# Presque Isle



## rangercupZ20 (May 27, 2010)

Anybody know how the fishing is at Presque? Going to be heading up there in a week just curious if they are in the bay and how the bite has been. Thanks


----------



## NewbreedFishing (Apr 15, 2004)

i havent heard much since that warm week. have had stiff cold winds up there and a lil snow. some fish in the bay but not in masses.


----------



## cheezman (Jul 4, 2011)

Check this report out....it is updated every week also.

http://www.goerie.com/article/20120...hwestern-Pennsylvania-fishing-report-April-27


----------



## walcat (Apr 11, 2004)

Go to www.fisherie.com. See menue on left


----------



## WPM (Jun 9, 2006)

Anyone fished the Bay recently? We're planning to hit it on Friday, looking mainly for smallies, but we'll probably try the western areas for LMB as well. 
I'll post results.

WPM


----------



## selfproclaim (May 19, 2011)

Any luck? I am heading that way tomorrow.


Outdoor Hub mobile, the outdoor information engine


----------



## rangercupZ20 (May 27, 2010)

Fished it last weekend. Weather wasn't helpful. First say 20-30mph winds. Even the bay was rough. Fishing was slow but we did manage some nice fish. Dropshot and jerkbaits. Good luck


----------



## WPM (Jun 9, 2006)

Just got back.
We fished the Bay from 9:00am to 6:00pm. The forecast had called for waves 1 ft or less, but was changed to 1 to 2s with a brisk west wind. Reality was a steady blow and wall-to-wall whitecaps - very challenging as we took my 14 ftr based on the earlier prediction.
Spent the whole day in warm clothes and rain suits, but otherwise it was a good day. Can't say how the many other boats (lots of them) did, but we had at least some action on almost every drift.
We got 9 smallies, some sheeps and some white bass. All fish came from the humps in 17 to 20 FOW straight out from the Marina Bay outlet on crayfish and minnow patterns (we were fly rodding). 

WPM


----------



## NewbreedFishing (Apr 15, 2004)

nice report, fly roddin in big waters....pretty neat!!
cant wait to get up there this summer and do some off shore bronzebackin :B


----------



## selfproclaim (May 19, 2011)

The wife and I fished today and had a blast. Thank for the update and feedback! 
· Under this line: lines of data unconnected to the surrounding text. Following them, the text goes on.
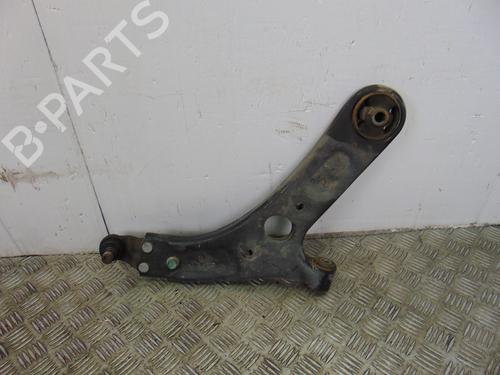 Querlenker rechts vorne für HYUNDAI i30 (GD) [2011-2025]  11863933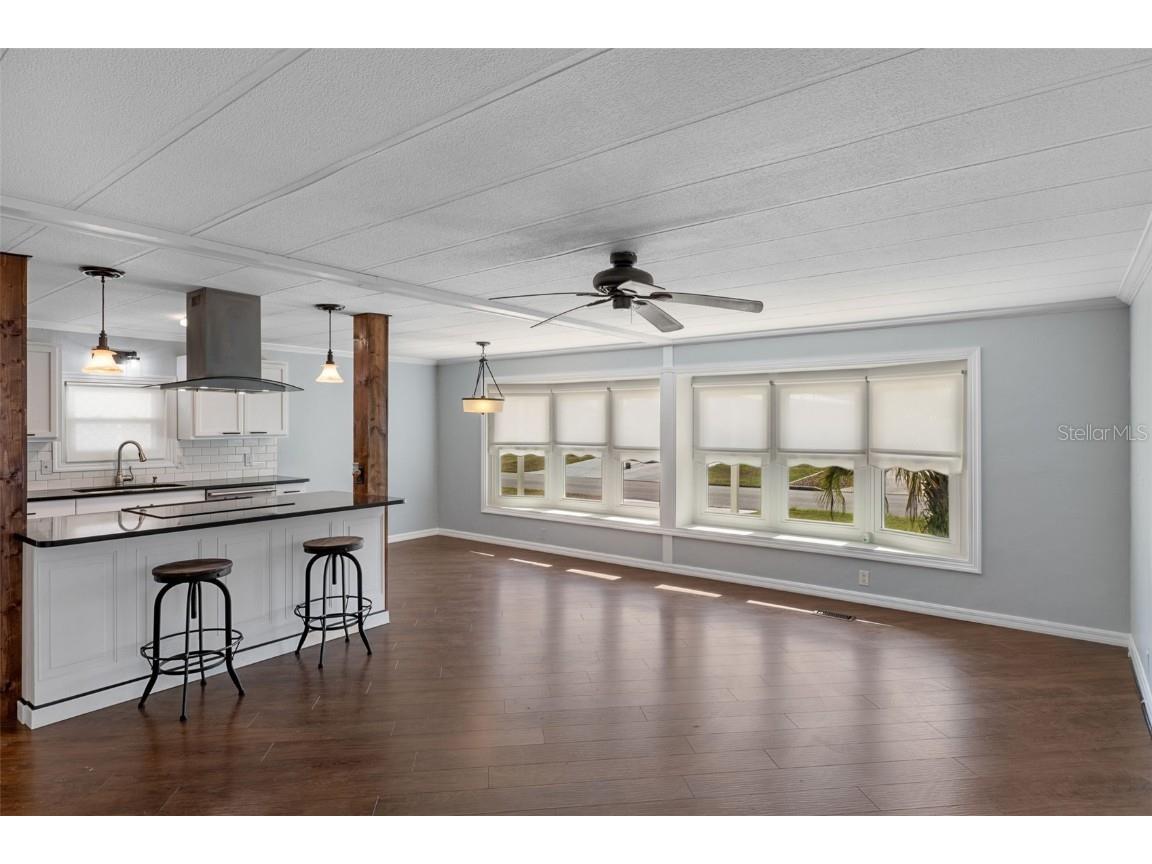 14243 Adair Street Brooksville FL 34613 TB8448968 image10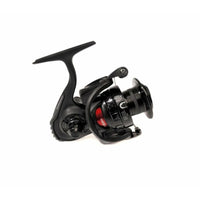 DAIWA BG Magsealed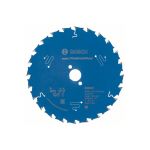 Диск пильный по дереву с гвоздями Bosch Expert for Construct 165x20 мм-24T (2608644137)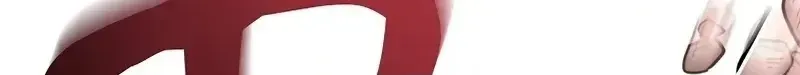 087590e5c820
Outdoor Hub mobile, the outdoor information engine


----------



## P-NUT (May 17, 2009)

Any details? How are the weeds? Any specific pattern? Heading up the 19th and was just wondering what to expect.


----------



## FishermanMurph (Jan 29, 2012)

Windy and white caps, sound like a typical day on my hometown water.  Nice bass, I'm heading up there in couple weeks but going into the lagoons or one of the inland waters with the canoe to look for pike (in the lagoons) or bass.


----------



## selfproclaim (May 19, 2011)

We caught all of our fish in 3-5 FOW. They are there in numbers, we caught fish on everything from spinners, red-eye shad, tubes, and drop shots.
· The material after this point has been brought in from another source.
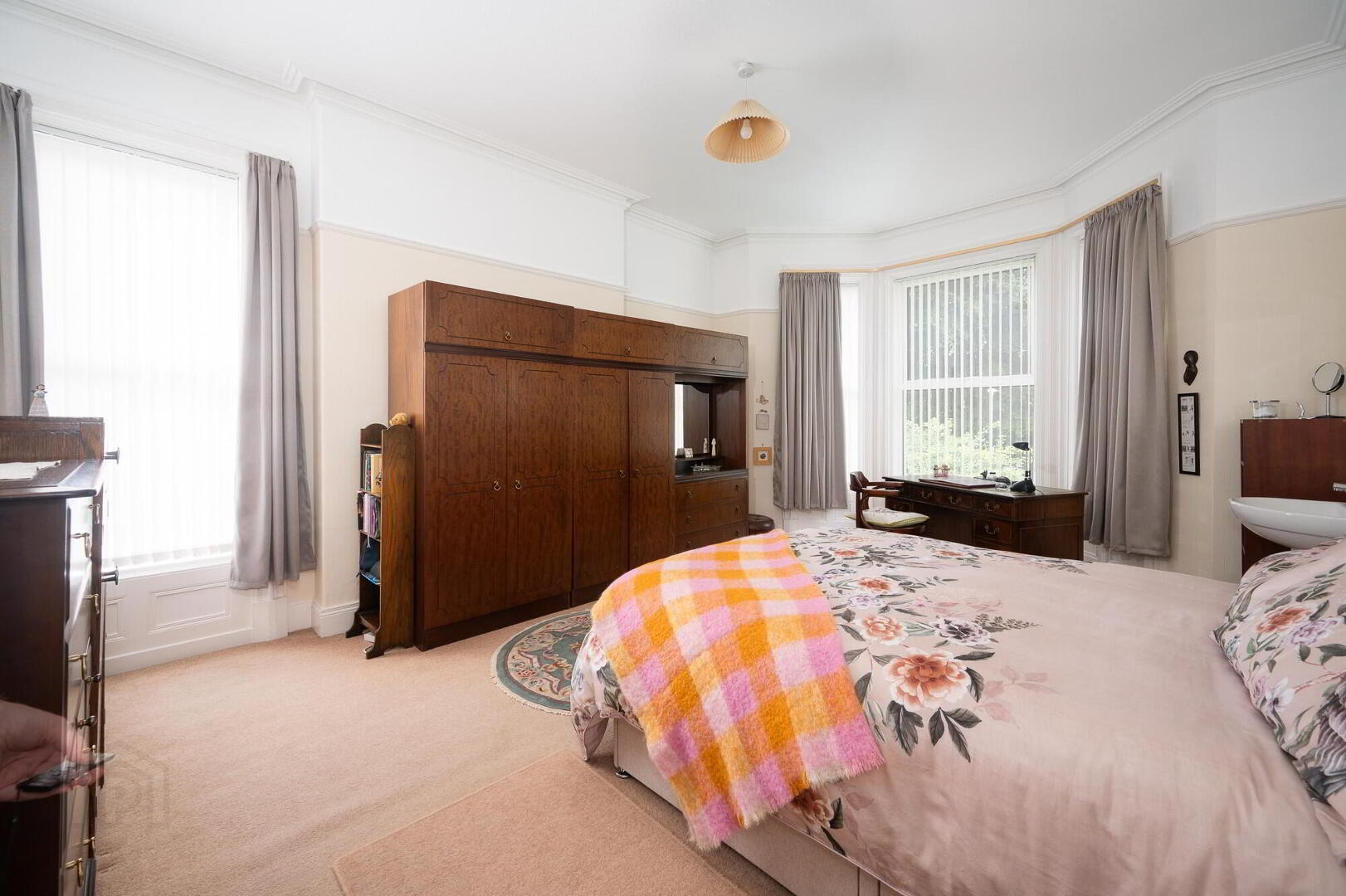 27 Knockbreda Park 34 of 61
Outdoor Hub mobile, the outdoor information engine


----------



## P-NUT (May 17, 2009)

Thanks for the info. Can't wait to get up there Saturday! Will post report.


----------



## selfproclaim (May 19, 2011)

How was it?


Outdoor Hub mobile, the outdoor information engine


----------



## P-NUT (May 17, 2009)

Sorry for the delay in posting. It was not as good as I was hoping for, but not terrible. Saw a lot of empty beds on the flats. Seems like most smallies were done spawning and starting to move out. That's not saying we didn't get smallies just not high numbers. If I were heading back up soon I think I would target largemouth. Did find a decent batch of them on the Erie side of the bay. Senko was our best bait.


----------



## wishfishn (Jul 23, 2010)

We fished Fri, Sat, and til noon on Sun. Between 4 of us, we boated about 60 smallies. It was our first trip so we were figuring some things out. We avoided the pack around the monument and fished between 12-18 fow. Most were caught on 3" grub but I caught a few on a husky jerk.
19.5" was the largest but got several 18". Not sure how we measured up to the norm, but we'll be doing this at least once a year.


----------



## P-NUT (May 17, 2009)

We had 2 boats with 2 guys in each. Spent most our time in Misery bay. Had in the 60 fish range with a mix of lm and sm with probably 40 of those being smallies. Our biggest were a couple that might have gone 18 inches. Keep going back! You will eventually hit it when they are "on." Those are the days where you can expect 60 to 80 + fish a day... per boat! I have been fortunate to have 60 to 80 fish days 2 out of the last three trips. That place can be phenomenal!


----------



## wishfishn (Jul 23, 2010)

are the smallmouth still in the bay mid-june?
thinking about a return trip june 9th


----------



## selfproclaim (May 19, 2011)

Fish are there thru middle of July. Obviously less as time goes on, but still there. I fished Sunday and Monday, 3 ppl in boat, caught 120 plus smallies in 1.5 days with a 4.5 hour rain out Sunday. Also caught dozen largemouth.


Outdoor Hub mobile, the outdoor information engine


----------